**** Exercise data ****

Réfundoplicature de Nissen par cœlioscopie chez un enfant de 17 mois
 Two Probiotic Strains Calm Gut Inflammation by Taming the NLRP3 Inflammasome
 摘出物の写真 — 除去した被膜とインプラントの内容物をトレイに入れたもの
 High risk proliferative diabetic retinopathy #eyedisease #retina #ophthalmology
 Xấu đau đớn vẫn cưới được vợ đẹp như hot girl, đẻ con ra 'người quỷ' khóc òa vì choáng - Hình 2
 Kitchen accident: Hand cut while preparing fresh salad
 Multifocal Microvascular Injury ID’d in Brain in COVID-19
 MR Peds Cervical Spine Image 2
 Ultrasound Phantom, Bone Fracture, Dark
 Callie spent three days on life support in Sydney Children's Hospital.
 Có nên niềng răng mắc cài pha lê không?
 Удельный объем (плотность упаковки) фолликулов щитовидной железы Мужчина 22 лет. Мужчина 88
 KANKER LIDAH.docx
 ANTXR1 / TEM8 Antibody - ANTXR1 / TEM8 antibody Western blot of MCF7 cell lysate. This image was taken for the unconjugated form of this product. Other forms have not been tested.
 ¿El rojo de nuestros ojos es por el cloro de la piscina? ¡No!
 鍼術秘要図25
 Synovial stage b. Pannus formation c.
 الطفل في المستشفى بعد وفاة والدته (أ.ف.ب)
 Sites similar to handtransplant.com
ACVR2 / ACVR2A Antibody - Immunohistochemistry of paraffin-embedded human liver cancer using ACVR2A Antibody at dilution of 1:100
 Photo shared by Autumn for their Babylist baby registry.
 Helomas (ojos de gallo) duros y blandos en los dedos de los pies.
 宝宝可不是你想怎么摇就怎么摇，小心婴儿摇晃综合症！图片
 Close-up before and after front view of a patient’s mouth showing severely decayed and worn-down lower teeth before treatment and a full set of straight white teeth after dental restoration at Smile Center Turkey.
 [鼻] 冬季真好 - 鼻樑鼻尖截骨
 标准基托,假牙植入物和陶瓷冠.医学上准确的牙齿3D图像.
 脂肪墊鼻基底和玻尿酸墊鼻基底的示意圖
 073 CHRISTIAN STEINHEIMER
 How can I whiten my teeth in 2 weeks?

****

• _Exercise_
Check each line in the records above for the word "ojos". Return those that have it.

• _Exercise answer_
 ¿El rojo de nuestros ojos es por el cloro de la piscina? ¡No!
 Helomas (ojos de gallo) duros y blandos en los dedos de los pies.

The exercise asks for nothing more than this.